Usually, in auction theory, we assume bidders can lie in two directions:

  1. Underbidding: Saying "I only want this for $50" when they actually think it's worth $100 (to pay less).
  2. Overbidding: Saying "I want this for $150" when they only think it's worth $100 (to try to win it, even though they might overpay).

Standard economic theory says you have to design your auction rules to stop bidders from lying in either direction. This is called "full incentive compatibility."

The Big Discovery
This paper, by Kiho Yoon, asks a fascinating question: What if we only had to worry about bidders trying to underbid?

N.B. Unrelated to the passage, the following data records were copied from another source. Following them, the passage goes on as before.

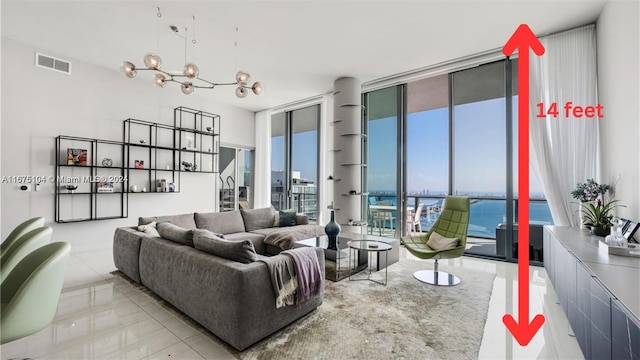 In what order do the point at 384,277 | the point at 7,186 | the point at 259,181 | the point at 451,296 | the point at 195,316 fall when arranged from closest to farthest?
1. the point at 195,316
2. the point at 451,296
3. the point at 384,277
4. the point at 7,186
5. the point at 259,181

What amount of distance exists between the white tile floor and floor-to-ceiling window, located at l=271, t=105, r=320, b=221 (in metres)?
4.33

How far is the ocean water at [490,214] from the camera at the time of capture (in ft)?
13.4

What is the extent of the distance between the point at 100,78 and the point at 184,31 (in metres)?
2.42

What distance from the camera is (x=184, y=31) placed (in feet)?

What if, for some reason, bidders were physically or legally unable to overbid (maybe they are too honest to pretend they want something they don't, or the rules prevent it)?

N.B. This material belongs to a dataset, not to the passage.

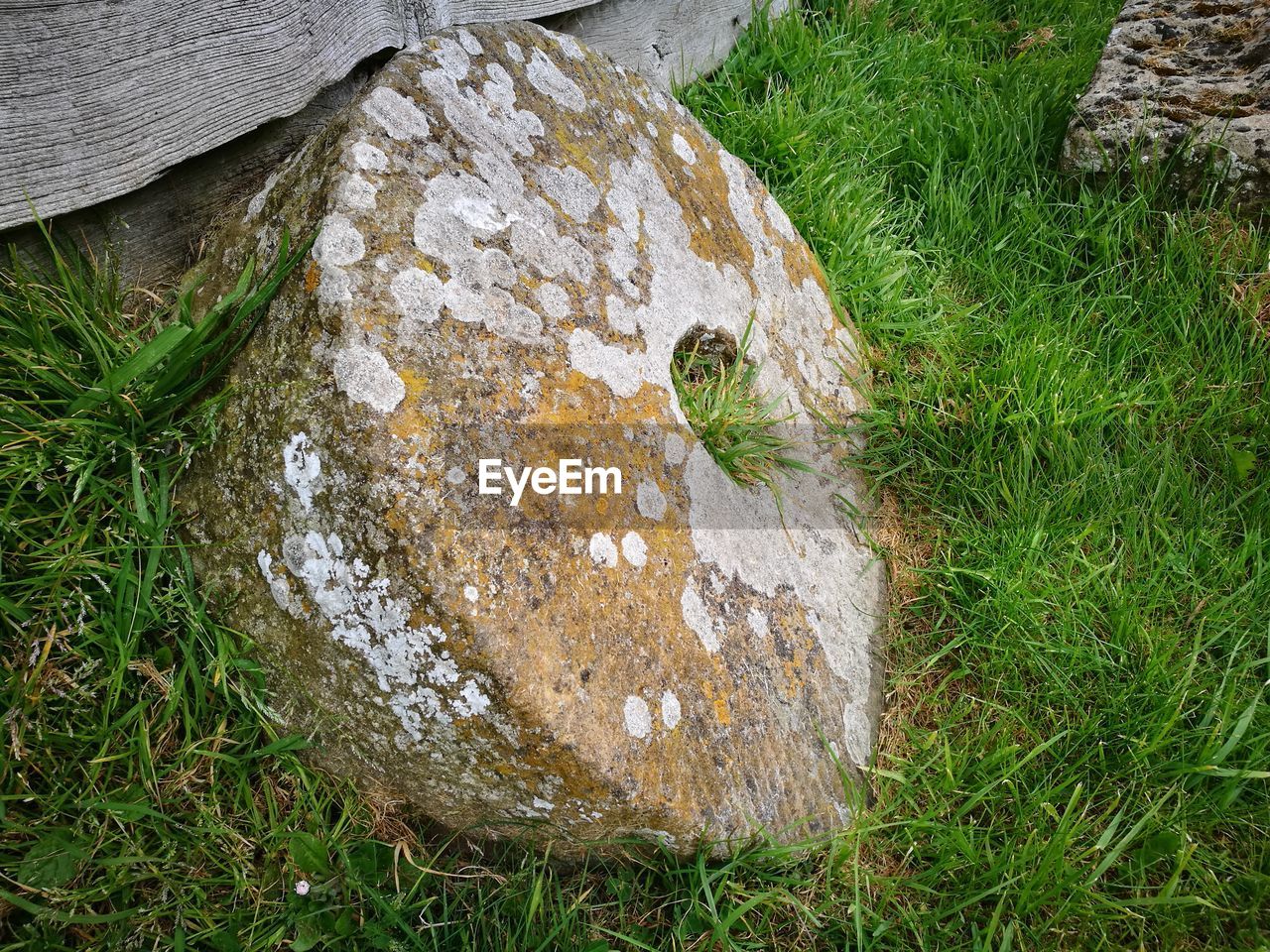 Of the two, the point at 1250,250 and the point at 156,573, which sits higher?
the point at 156,573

The paper's main finding is a surprising "magic trick" of economics: It doesn't matter.

Even if you design an auction assuming bidders could lie in both directions (underbid or overbid), the maximum amount of money you can make is exactly the same as if you designed it assuming they could only underbid.

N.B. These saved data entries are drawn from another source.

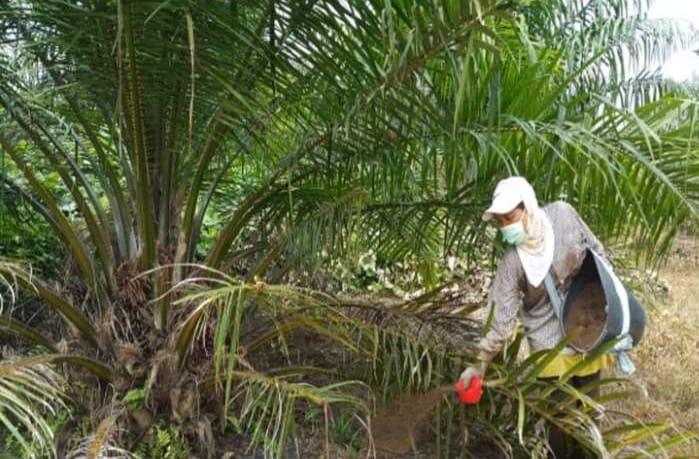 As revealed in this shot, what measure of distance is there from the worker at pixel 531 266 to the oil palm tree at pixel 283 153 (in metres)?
0.17

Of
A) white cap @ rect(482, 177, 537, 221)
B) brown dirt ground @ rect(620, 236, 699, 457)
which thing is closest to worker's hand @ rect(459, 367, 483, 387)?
white cap @ rect(482, 177, 537, 221)

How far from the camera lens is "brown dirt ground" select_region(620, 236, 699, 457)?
12.4 feet

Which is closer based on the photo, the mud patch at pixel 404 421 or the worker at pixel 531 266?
the worker at pixel 531 266

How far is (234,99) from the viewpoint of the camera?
247cm

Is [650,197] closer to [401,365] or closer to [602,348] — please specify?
[602,348]

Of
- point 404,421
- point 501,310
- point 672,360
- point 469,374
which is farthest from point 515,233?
point 672,360

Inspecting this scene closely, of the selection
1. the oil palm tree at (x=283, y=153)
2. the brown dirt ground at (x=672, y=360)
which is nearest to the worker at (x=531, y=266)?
the oil palm tree at (x=283, y=153)

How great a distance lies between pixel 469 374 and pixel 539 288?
40 centimetres

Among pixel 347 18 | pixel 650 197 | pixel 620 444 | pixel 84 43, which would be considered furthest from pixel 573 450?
pixel 84 43

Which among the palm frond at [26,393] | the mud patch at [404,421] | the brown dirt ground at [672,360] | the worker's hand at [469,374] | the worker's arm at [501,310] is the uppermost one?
the palm frond at [26,393]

In other words, stopping bidders from underbidding is enough to stop them from overbidding too. You don't need to build extra "fences" to stop overbidding; the fences you build to stop underbidding automatically do the job for both.

How the Author Proves It (The "Ironing" Analogy)
To prove this, the author uses a mathematical tool called "linear programming," which is like solving a giant puzzle with many constraints.

Think of the auction design like trying to build a smooth, sliding ramp for a ball (the bidder's value) to roll down.

  • The Old Way (Myerson's Auction): You have to make sure the ramp is perfectly smooth and never goes up or down in a weird way (monotonicity). If the ramp dips, the ball might get stuck or roll backward, which represents a bidder lying.
  • The New Way (This Paper): The author suggests a different way to look at the ramp. Instead of worrying about the shape of the ramp itself, they look at the "upper envelope" of the ramp. Imagine you have a piece of string stretched tight over the top of the ramp. If the ramp dips, the string bridges the gap.

The paper shows that if you design your auction based on this "tight string" (the upper envelope) to prevent bidders from underbidding, the math forces the ramp to be smooth enough that bidders can't overbid either. The "string" naturally fixes the bumps that would allow overbidding.

Why This Matters
Before this paper, economists knew this trick worked for a single bidder (like a solo seller dealing with one customer). But when you have many bidders competing against each other, the math gets incredibly messy because their bids affect each other.

This paper is the first to prove that this "unidirectional" trick (worrying only about underbidding) works perfectly even in a crowded room with many bidders. It simplifies the complex math of auction design, showing that the strict rules needed to prevent overbidding are actually redundant if you've already solved the underbidding problem.

In a Nutshell
If you build a lock that stops someone from stealing money from the bottom of the jar (underbidding), you don't need a second, separate lock to stop them from adding fake money to the top (overbidding). The first lock does both jobs automatically. This makes designing the perfect money-making auction much simpler than we thought.